> DIRECTIONS FOR THIS TASK: Omit all pictures, and print word for word only the lines from the one containing "EMPIRE NON DENTELE" through the end of the data.

===== SOURCE DATA =====

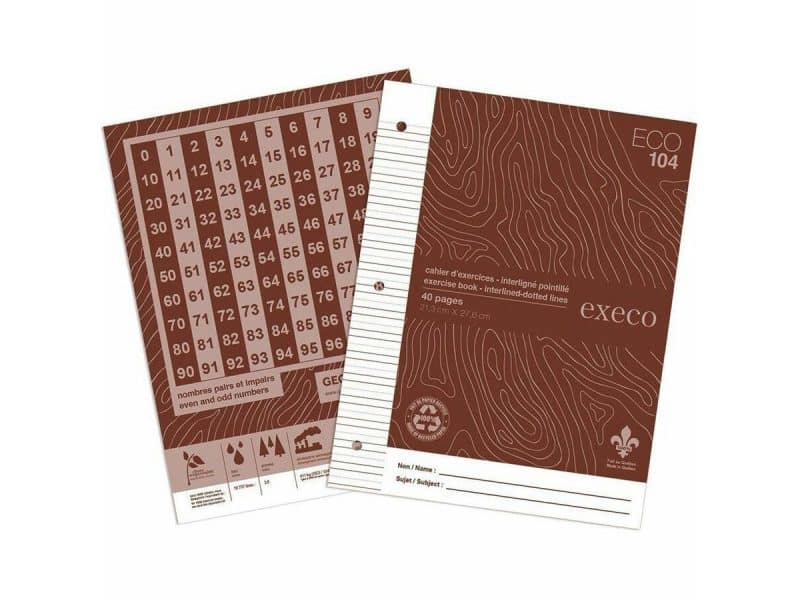 Cahier d'exercices EC104 interligné pointillé format 8,5x11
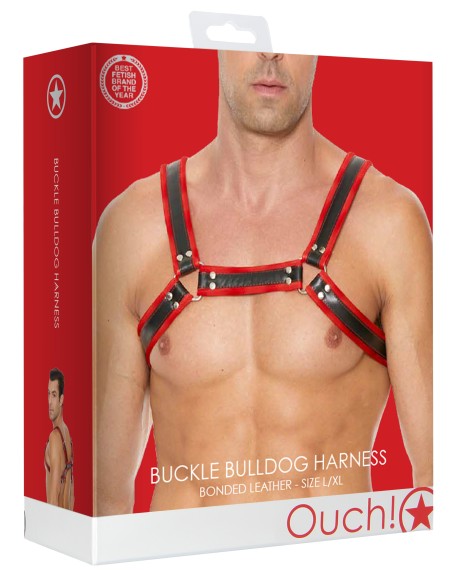 Harnais Buckle Bulldog Noir-Rouge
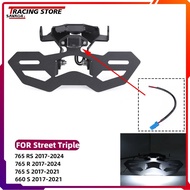Adjustable License Plate Holder with License Plate Light For Street Triple 765RS 765R 765S 660S Fend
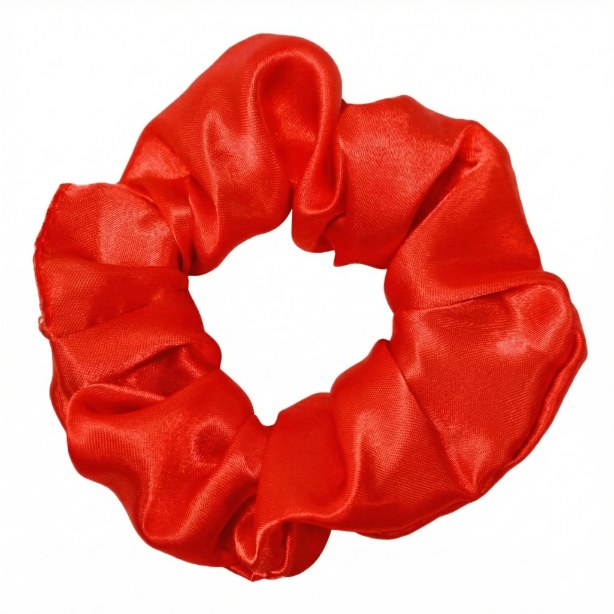 Czerwona satynowa gumka scrunchie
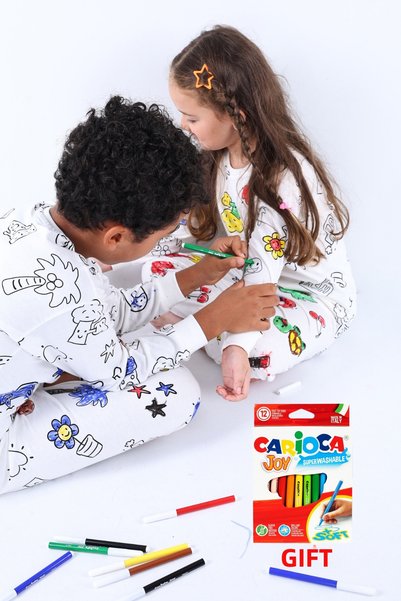 ZUZUNGA Children's Pajamas Set Can Be Painted with the Most Cute Figures Custom Pencil (12 Pieces Pencil Set Gift)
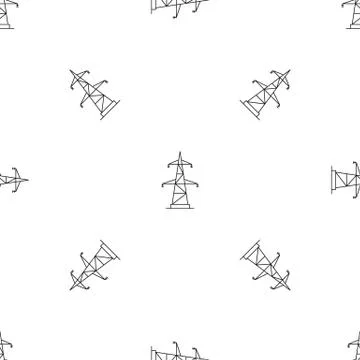 Electrical power station pattern seamless Stock Illustration
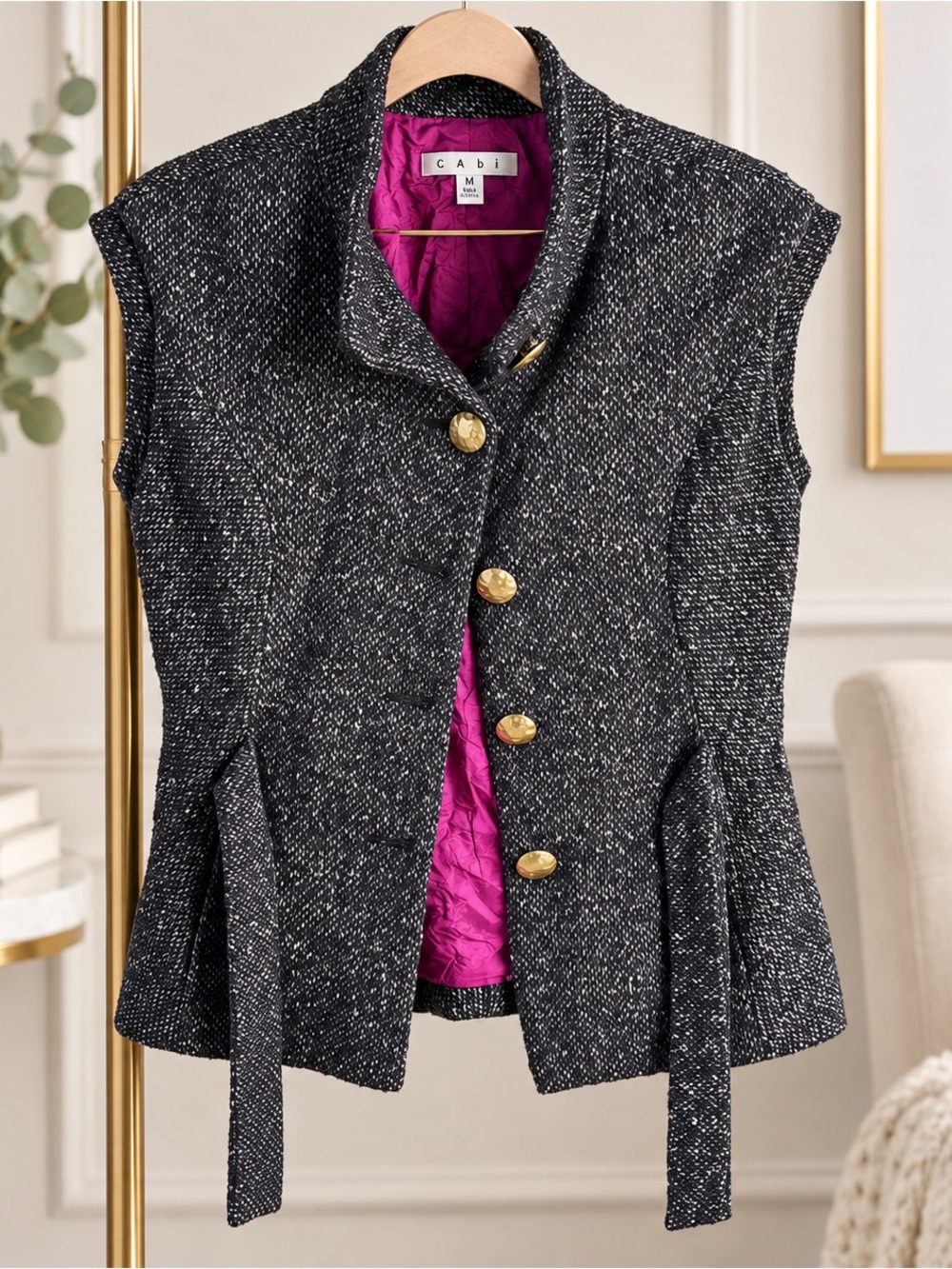 CAbi #116 Wool Blend Tweed Belted Vest Jacket Gold Buttons M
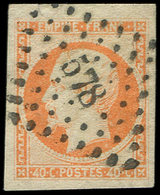 EMPIRE NON DENTELE - 16b  40c. Orange Sur Paille, Obl. PC 578, Grandes Marges, TTB/Superbe - 1853-1860 Napoléon III.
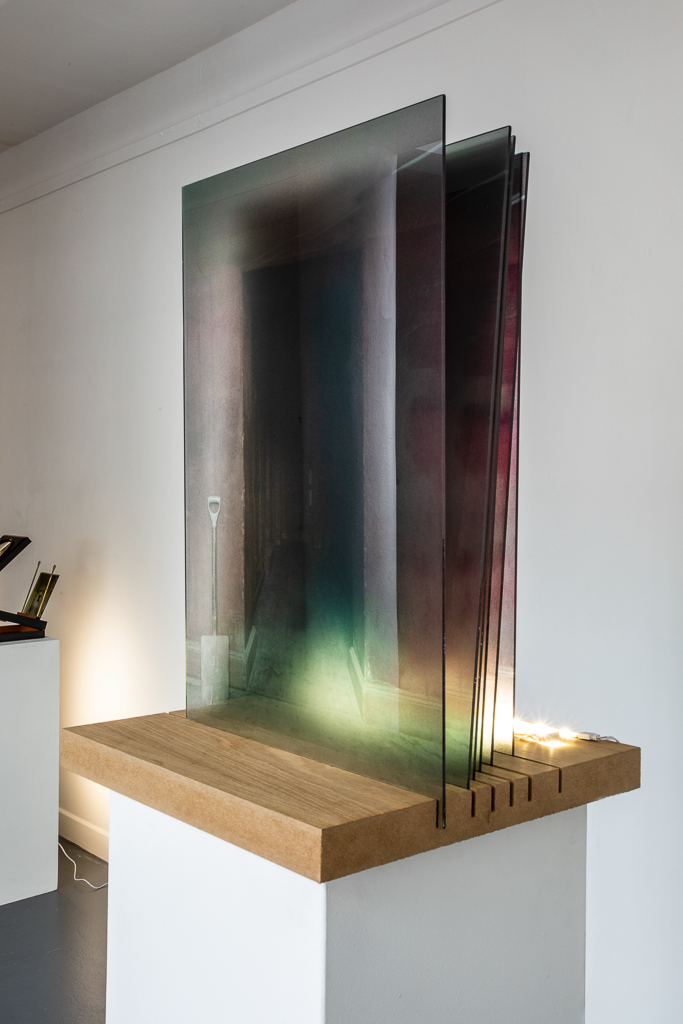 Glassworks Newhall Series II - Overprint on glass, wood, LEDs and Plinth - 38.5 x 61cm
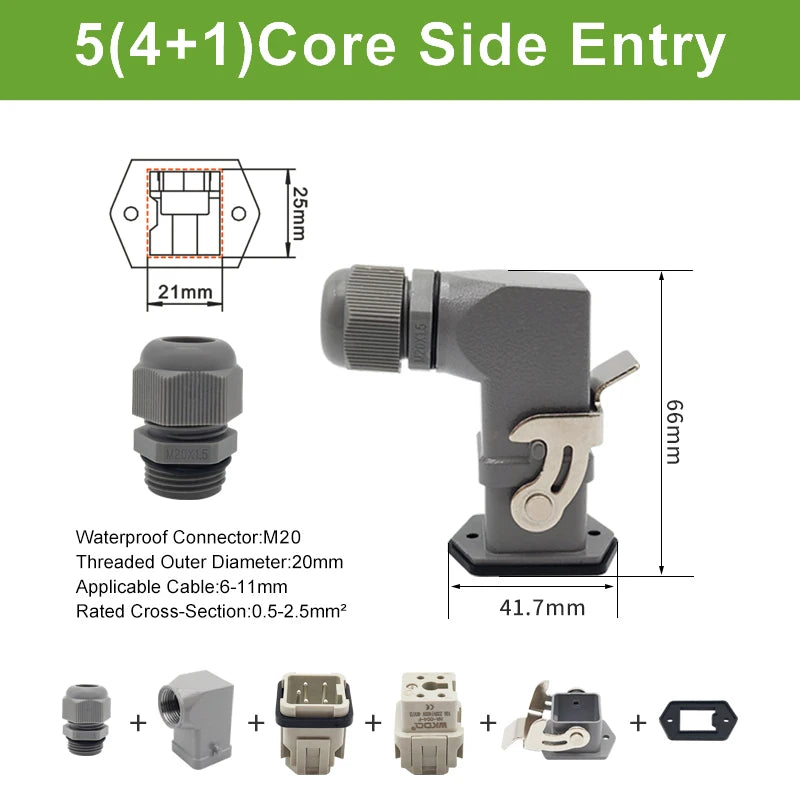 HA Heavy Duty Connector Kit 4/5/6/8 Core Pins Male&Female Insert Plug HDC-HA Rectangular Waterproof Industrial Aviation Socket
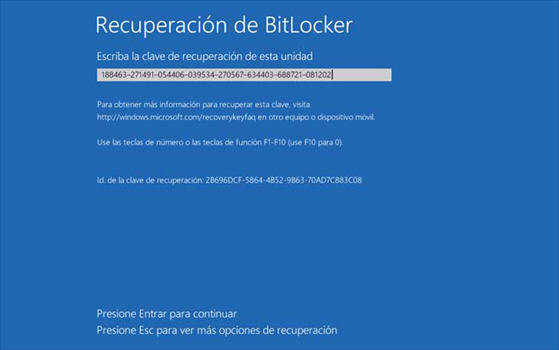 necesita introducir la clave de recuperación de BitLocker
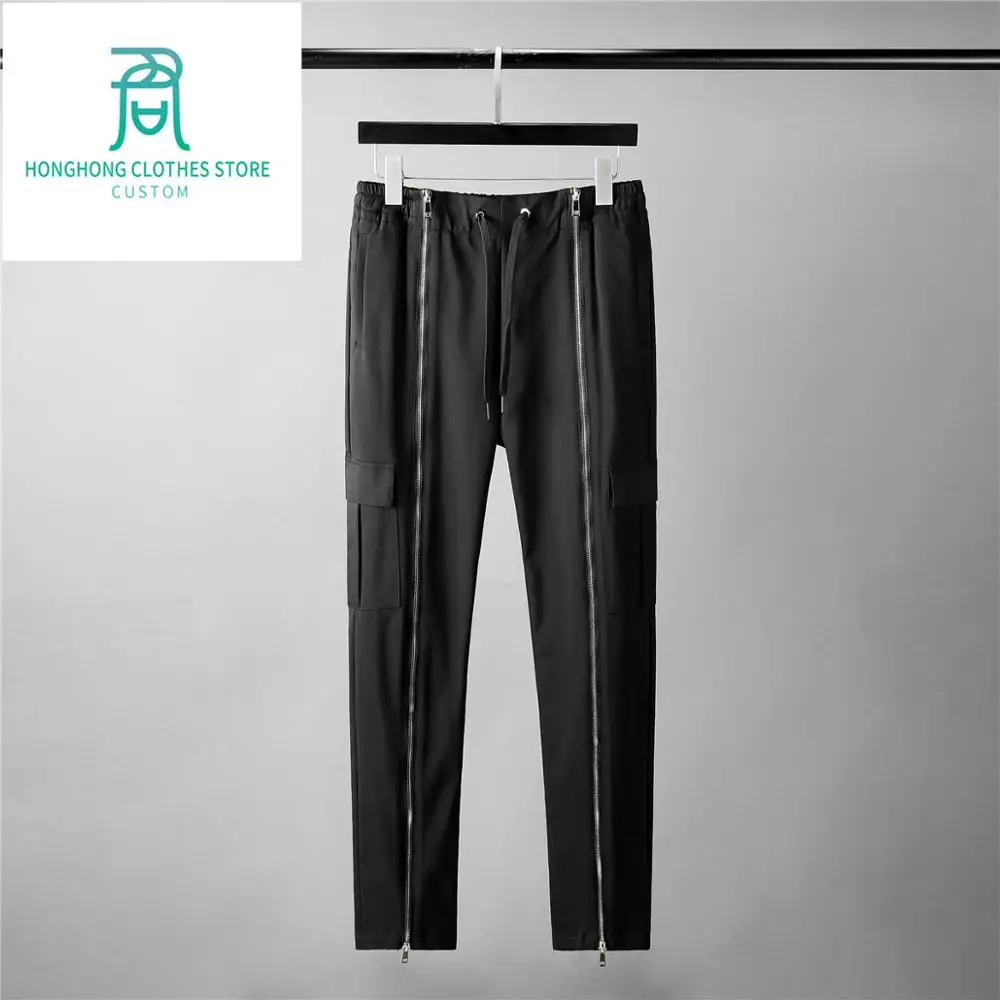 

Plus-size men's trousers with zipper design! The new style multi-bag design street fashion high-end wei pants casual pants men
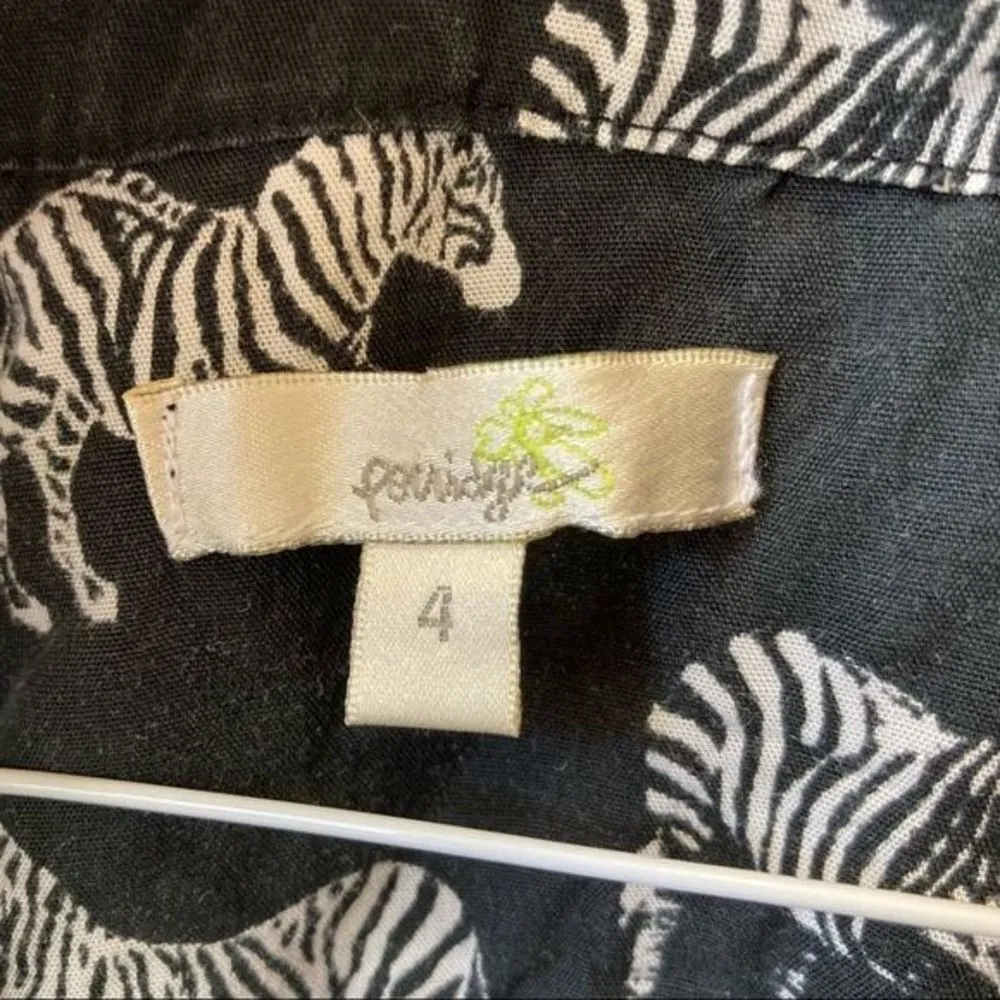 ANTHROPOLOGIE Porridge Zebra Print Shirt Dress Mini Sleeveless Size 4 Novelty - Image 3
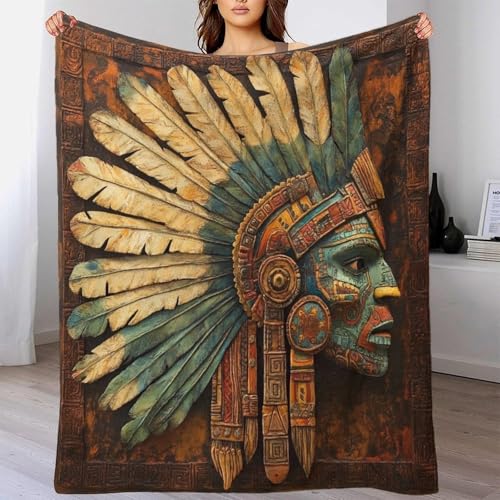 LILIlaobiao Indianer Sofadecke Kuschelig, Dicke Weiche Kuscheldecke 50x60inch(127x152cm) Blanket Wohndecken, Comfort Mohikaner Design Kuschelige Decke Sofa Flauschige Decke Für Sofa von LILIlaobiao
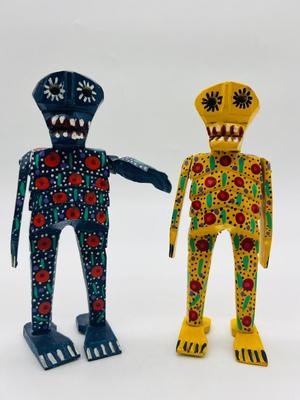 Wooden Folk Art Day Of The Dead Wooden Figurines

=====

> ANSWER BOX:
 EMPIRE NON DENTELE - 16b  40c. Orange Sur Paille, Obl. PC 578, Grandes Marges, TTB/Superbe - 1853-1860 Napoléon III.
 Glassworks Newhall Series II - Overprint on glass, wood, LEDs and Plinth - 38.5 x 61cm
 HA Heavy Duty Connector Kit 4/5/6/8 Core Pins Male&Female Insert Plug HDC-HA Rectangular Waterproof Industrial Aviation Socket
 necesita introducir la clave de recuperación de BitLocker

Plus-size men's trousers with zipper design! The new style multi-bag design street fashion high-end wei pants casual pants men
 ANTHROPOLOGIE Porridge Zebra Print Shirt Dress Mini Sleeveless Size 4 Novelty - Image 3
 LILIlaobiao Indianer Sofadecke Kuschelig, Dicke Weiche Kuscheldecke 50x60inch(127x152cm) Blanket Wohndecken, Comfort Mohikaner Design Kuschelige Decke Sofa Flauschige Decke Für Sofa von LILIlaobiao
 Wooden Folk Art Day Of The Dead Wooden Figurines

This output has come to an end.